The idea of peer support encompasses at least two different projects: the desire to create an experience of living with mental health difficulties independent of institutional definition and the desire to alter what institutions do to or for people experiencing distress and mental ill-health. The former has tended to focus upon making autonomous spaces outside of ‘the system’, the latter on finding ways to replace parts of ‘the system’ with practices or people drawn from lived experience. It’s tempting to label these two projects as revolutionary versus reformist but in practice they play out in more complex ways. Some of those currently located within medical or academic institutions, such as some Mad Studies advocates or the A Disorder for Everyone group speak most loudly about overturning the system while others on its periphery or existing completely outside it seek access to reform it. Some peer projects, like Black Thrive, bridge both using funds drawn from a far wider net of funders than the NHS.

Experience of mental distress and mental health difficulty is not one kind of experience any more than ‘the mental health system’ is one uniform structure.  People’s experiences of mental health difficulty have changed more quickly than mental health services have. The general public and charitable funders have been quicker to recognise that the voice of people with mental health difficulties is not one voice, but millions. New opportunities and new needs are easier to spot now that people with mental health difficulties can find each other via the internet.
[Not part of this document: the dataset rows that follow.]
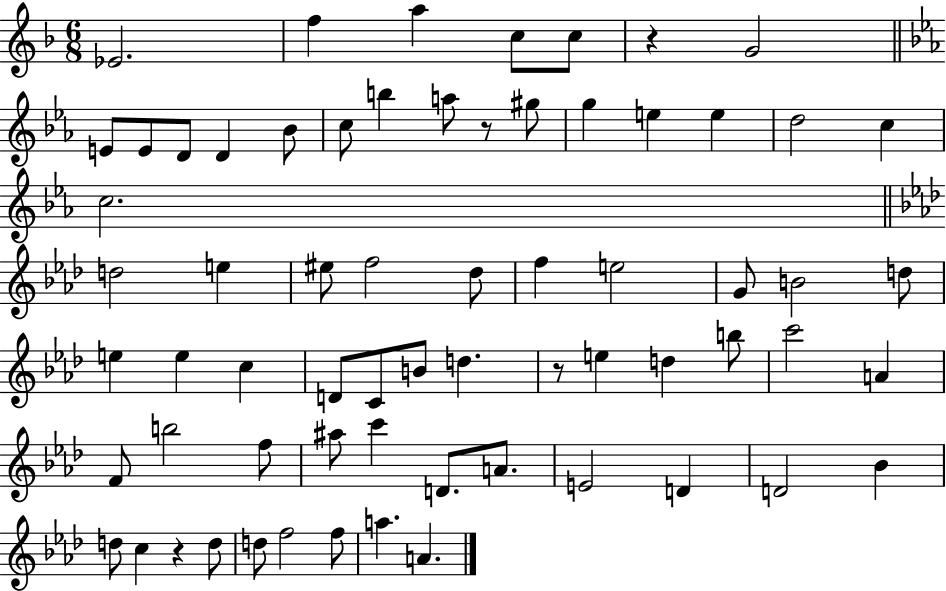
{
  \clef treble
  \numericTimeSignature
  \time 6/8
  \key f \major
  ees'2. | f''4 a''4 c''8 c''8 | r4 g'2 | \bar "||" \break \key ees \major e'8 e'8 d'8 d'4 bes'8 | c''8 b''4 a''8 r8 gis''8 | g''4 e''4 e''4 | d''2 c''4 | \break c''2. | \bar "||" \break \key f \minor d''2 e''4 | eis''8 f''2 des''8 | f''4 e''2 | g'8 b'2 d''8 | \break e''4 e''4 c''4 | d'8 c'8 b'8 d''4. | r8 e''4 d''4 b''8 | c'''2 a'4 | \break f'8 b''2 f''8 | ais''8 c'''4 d'8. a'8. | e'2 d'4 | d'2 bes'4 | \break d''8 c''4 r4 d''8 | d''8 f''2 f''8 | a''4. a'4. | \bar "|."
}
To talk of harnessing the power of peer services is to misunderstand their purpose. Change can be made both within and outside the system but change only happens when things happen for people, with people, by people.

Marginalised and discriminated against groups have always found ways to support the emotional wellbeing of each other while also changing the material conditions under which they live.  Solidarity and bearing witness to each others pain and grief and sadness is vital to making and building spaces, relationships and services that overturn limiting or oppressive institutional logics. Peer support is not support at all if we do not make our peers our focus.
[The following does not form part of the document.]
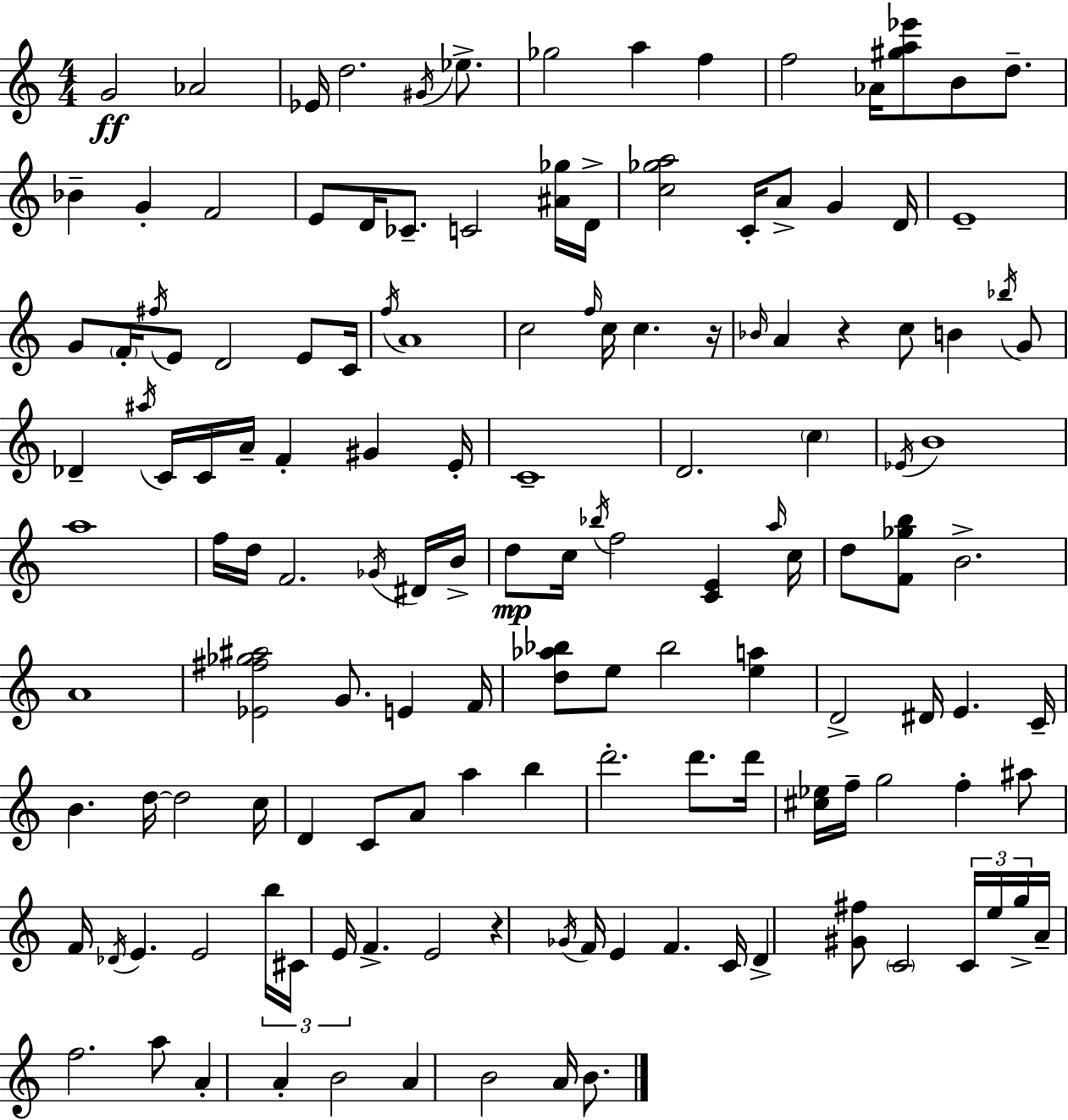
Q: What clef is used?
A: treble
Patrisse Cullors, one of the founders of Black Lives Matter, early on described the movement’s mission as to "Provide hope and inspiration for collective action to build collective power to achieve collective transformation, rooted in grief and rage but pointed towards vision and dreams." People who experience mental health difficulties helping others who are living through similar experiences requires choosing the right means to reach the right ends. Some will require working closely with existing services and improving them. Others will require rejecting them completely and embarking upon developments not previously imagined. Some acts of togetherness will require neither.

In October The National Survivor User Movement at its AGM brought together a range of people with lived experience of mental health difficulties to discuss the future of peer support. The energy and thirst for peer services is there amongst people who live with mental health difficulties. Eight years of austerity have created a bitter and lonely landscape for many. If funding for mental health and social care continues on its current trajectory, it is unlikely that structural inequalities in mental health will be removed within this generation. Now, more than ever, what we can do for each other counts. While we know what we do not want, defining what we do does not always come naturally to us.

For many of us, the experience of mental health difficulties is considered by others to be the signal for us to stop dreaming and hoping. We now have more ways of speaking directly to each other than ever before. To be powerful enough to be able to stop what injures and belittles us we must also find ways to put our yeses into action and make structures, opportunities and relationships that help us to grow. There is room for a tapestry of people with lived experience helping each other. Our job is to ask: how do we want to use our power and ingenuity and experience to help our peers and what do we want our peers and allies to do to help us?

What, we must ask, can we build together?